# Dataset analysis

Examples for working with metadata and annotation data from DIVE Web through the REST API.

In [None]:
# set your API Key in .env
%load_ext dotenv
%dotenv

import os
from pprint import pprint
from girder_client import GirderClient
from dive_utils import fromMeta

GIRDER_API_KEY=os.getenv('GIRDER_API_KEY', 'CHANGEME')
diveclient = GirderClient(apiUrl='https://viame.kitware.com/api/v1')
token = diveclient.authenticate(apiKey=GIRDER_API_KEY)
print(f'Authenticated!')

In [None]:
# Load dataset metadata
DATASET_ID="5e4ebcaa78ed364cd0f5e3b9" # Replace this with your own ID

dataset_info = diveclient.getFolder(DATASET_ID)
dataset_name = dataset_info['name']
dataset_type = fromMeta(dataset_info, 'type')
dataset_fps  = fromMeta(dataset_info, 'fps')

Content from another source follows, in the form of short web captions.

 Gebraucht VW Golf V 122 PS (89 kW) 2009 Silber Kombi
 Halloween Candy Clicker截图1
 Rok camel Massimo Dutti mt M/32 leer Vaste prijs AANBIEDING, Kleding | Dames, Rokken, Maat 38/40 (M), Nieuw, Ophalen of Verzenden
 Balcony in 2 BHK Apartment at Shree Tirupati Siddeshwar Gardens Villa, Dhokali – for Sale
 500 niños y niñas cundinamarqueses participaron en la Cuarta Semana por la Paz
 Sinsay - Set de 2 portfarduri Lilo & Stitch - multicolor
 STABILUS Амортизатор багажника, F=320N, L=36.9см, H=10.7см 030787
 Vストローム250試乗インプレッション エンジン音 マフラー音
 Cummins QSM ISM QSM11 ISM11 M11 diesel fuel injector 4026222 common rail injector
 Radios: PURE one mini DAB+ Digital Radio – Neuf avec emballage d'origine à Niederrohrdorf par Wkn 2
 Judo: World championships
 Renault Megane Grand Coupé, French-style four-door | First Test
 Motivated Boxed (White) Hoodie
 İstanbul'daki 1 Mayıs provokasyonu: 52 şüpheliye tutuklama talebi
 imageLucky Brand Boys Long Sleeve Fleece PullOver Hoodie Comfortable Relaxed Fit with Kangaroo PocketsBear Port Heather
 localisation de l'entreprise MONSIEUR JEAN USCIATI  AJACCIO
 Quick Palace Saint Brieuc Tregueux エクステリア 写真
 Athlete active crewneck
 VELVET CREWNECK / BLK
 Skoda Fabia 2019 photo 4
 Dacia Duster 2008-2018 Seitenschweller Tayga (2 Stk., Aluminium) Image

print(f'Loaded dataset: {dataset_name}\n')
pprint(dataset_info)

## Load dataset source media

In [None]:
if dataset_type == 'image-sequence':
    dataset_media = diveclient.get(
        f'viame/valid_images', parameters={'folderId': DATASET_ID})
    dataset_media = [item['name'] for item in dataset_media]
else:
    dataset_media = diveclient.get(
        f'viame_detection/clip_meta',
        parameters={'folderId': DATASET_ID}
    )

pprint(dataset_media)

## Load annotations and summarize contents

In [None]:
from dive_tasks import summary

dataset_annotations_json = diveclient.get(
    'viame_detection',
    parameters={'folderId': DATASET_ID},
)

all_summary = {}
summary.summarize_annotations(DATASET_ID, dataset_annotations_json, all_summary)
pprint(f'Summary of {DATASET_ID}')
pprint([ s.dict() for s in all_summary.values()])

## Load detections as CSV

In [None]:
dataset_annotations_csv = diveclient.get(f'viame_detection/{DATASET_ID}/export_detections', jsonResp=False)
print(dataset_annotations_csv.text)